In a post that has since been deleted, King relayed to his Twitter followers that a Texas Department of Public Safety officer sexually assaulted Sherita Dixon-Cole of Grapevine early Sunday after pulling her over for suspicion of driving while intoxicated in Waxahatchie. King told his audience that Cole’s attorney, Lee Merritt, said the state trooper assaulted her and threatened to kill her fiance.

On Tuesday, DPS released nearly two hours of camera footage that debunked the claim. It shows Officer Daniel Hubbard politely performing a field sobriety test, arresting Dixon-Cole and giving her a breath test. No threats. No assault.

On Wednesday, Merritt apologized for passing on the story. Hubbard appeared "to comport himself professionally during the duration of the traffic stop and arrest," according to Merritt.

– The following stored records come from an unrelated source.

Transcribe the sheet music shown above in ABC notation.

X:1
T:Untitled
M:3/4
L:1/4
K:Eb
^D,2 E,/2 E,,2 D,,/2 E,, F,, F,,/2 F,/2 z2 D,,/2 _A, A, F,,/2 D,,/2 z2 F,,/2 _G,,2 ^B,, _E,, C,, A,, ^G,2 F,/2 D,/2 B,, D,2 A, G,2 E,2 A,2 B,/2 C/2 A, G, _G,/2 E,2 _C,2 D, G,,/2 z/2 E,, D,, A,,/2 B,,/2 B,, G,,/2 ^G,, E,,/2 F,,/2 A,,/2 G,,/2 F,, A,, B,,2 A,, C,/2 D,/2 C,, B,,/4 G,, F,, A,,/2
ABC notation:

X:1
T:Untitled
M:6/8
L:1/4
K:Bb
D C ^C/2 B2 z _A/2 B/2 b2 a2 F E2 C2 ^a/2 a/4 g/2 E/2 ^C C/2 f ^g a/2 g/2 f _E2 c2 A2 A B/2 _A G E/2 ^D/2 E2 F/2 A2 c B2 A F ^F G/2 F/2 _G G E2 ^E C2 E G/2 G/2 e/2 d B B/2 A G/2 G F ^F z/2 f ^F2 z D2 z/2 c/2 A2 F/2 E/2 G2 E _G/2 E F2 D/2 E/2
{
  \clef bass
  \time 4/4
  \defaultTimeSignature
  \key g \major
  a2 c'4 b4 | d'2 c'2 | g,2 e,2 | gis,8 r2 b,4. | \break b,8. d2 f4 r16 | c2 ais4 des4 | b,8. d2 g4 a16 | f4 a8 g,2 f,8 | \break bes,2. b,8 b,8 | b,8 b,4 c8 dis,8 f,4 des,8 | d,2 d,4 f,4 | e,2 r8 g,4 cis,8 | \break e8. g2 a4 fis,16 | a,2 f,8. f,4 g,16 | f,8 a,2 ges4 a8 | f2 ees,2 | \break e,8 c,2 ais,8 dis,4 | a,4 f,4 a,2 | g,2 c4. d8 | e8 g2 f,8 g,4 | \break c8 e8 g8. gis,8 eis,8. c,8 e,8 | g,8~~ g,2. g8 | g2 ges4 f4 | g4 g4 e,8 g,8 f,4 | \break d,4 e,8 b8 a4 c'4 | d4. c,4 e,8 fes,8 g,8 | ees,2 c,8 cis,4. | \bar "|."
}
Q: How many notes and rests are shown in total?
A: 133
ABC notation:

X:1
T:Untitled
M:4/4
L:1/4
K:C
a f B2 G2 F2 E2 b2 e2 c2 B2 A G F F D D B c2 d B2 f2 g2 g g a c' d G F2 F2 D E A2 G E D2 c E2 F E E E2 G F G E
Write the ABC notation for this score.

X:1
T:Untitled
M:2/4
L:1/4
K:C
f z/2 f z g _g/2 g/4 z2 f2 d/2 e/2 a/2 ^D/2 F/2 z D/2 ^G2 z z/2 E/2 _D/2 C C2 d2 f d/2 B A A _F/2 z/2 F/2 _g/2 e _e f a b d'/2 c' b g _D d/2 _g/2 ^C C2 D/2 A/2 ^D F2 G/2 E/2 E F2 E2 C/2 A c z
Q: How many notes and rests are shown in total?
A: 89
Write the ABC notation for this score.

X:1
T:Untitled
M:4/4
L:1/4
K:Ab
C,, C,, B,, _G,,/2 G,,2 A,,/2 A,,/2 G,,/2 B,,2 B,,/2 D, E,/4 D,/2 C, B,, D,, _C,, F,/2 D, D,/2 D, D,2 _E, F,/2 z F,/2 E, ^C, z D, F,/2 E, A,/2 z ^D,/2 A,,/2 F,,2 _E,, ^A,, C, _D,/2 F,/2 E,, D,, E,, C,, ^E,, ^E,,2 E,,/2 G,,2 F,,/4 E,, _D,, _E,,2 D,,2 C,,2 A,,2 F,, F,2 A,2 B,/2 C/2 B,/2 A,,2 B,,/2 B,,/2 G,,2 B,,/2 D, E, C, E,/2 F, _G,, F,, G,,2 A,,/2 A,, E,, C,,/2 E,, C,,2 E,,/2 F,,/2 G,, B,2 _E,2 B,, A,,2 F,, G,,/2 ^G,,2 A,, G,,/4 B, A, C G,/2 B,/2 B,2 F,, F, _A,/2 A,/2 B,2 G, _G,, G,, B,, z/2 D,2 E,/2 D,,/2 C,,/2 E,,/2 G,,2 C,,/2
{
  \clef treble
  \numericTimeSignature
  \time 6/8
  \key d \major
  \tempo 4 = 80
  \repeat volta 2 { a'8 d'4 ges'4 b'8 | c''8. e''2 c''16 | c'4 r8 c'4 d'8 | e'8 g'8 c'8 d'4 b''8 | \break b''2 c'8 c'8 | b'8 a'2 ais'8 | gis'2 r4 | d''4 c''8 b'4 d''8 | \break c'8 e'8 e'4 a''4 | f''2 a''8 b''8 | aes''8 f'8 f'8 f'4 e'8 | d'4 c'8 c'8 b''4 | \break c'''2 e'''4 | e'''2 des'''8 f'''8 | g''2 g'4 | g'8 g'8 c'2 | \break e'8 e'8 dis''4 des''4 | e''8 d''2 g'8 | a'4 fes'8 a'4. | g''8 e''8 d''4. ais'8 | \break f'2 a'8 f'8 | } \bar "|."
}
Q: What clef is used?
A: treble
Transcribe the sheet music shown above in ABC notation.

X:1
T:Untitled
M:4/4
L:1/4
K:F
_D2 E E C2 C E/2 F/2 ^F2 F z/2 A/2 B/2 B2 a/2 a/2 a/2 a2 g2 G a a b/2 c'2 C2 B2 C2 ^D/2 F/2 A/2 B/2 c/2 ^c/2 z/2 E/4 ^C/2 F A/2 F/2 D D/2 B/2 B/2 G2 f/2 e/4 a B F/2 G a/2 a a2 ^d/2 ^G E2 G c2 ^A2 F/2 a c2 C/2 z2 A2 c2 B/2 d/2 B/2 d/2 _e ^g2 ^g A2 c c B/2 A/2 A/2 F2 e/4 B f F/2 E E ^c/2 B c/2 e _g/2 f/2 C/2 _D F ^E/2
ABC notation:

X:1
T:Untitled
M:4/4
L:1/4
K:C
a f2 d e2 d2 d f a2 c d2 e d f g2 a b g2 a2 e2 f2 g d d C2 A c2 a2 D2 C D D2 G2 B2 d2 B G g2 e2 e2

DPS started to investigate the claim once King tweeted the accusations. King has a substantial social media following, and through a campaign of tweets, he helped authorities identify and arrest some of the white men seen kicking and beating a black man at a riot Charlottesville, Virginia, last year.

Merritt is a Philadelphia-based attorney who has handled prominent civil rights cases in North Texas. Most recently, he worked for Jacqueline Craig, a black woman whose son was assaulted by a white neighbor, whom witnesses said grabbed the 8-year-old by the neck and forced to pick up trash. Craig called Fort Worth police, but the officer who responded ignored her complaint and arrested her.

The arrest was caught on a video, which also went viral. Craig was eventually released, but her neighbor, Itamar Vardi, was convicted of misdemeanor assault earlier this year.

In Cole's case, Merritt released a statement Wednesday, saying, “The body camera footage released directly conflicts with the accounts reported to my office. ... This office regularly receives hundreds of claims of abuse from across the nation and we are obligated to filter these messages thoroughly before relaying them to our powerful allies.”

Merritt and King didn't respond to the Observer's efforts to contact them. The Dallas Morning News reported that the Ellis County district attorney is still investigating the case and no decision has been made whether to file additional charges against Dixon-Cole.

King wrote in a post on Medium that Dixon-Cole went from being a victim to being the "victimizer."

"She victimized the man she falsely accused and she victimized those who stood up for her? — believing that she had experienced the worst crimes," he wrote. "Thankfully, she does not represent anyone but herself. She does not represent actual victims of sex crimes. She does not represent actual victims of police brutality."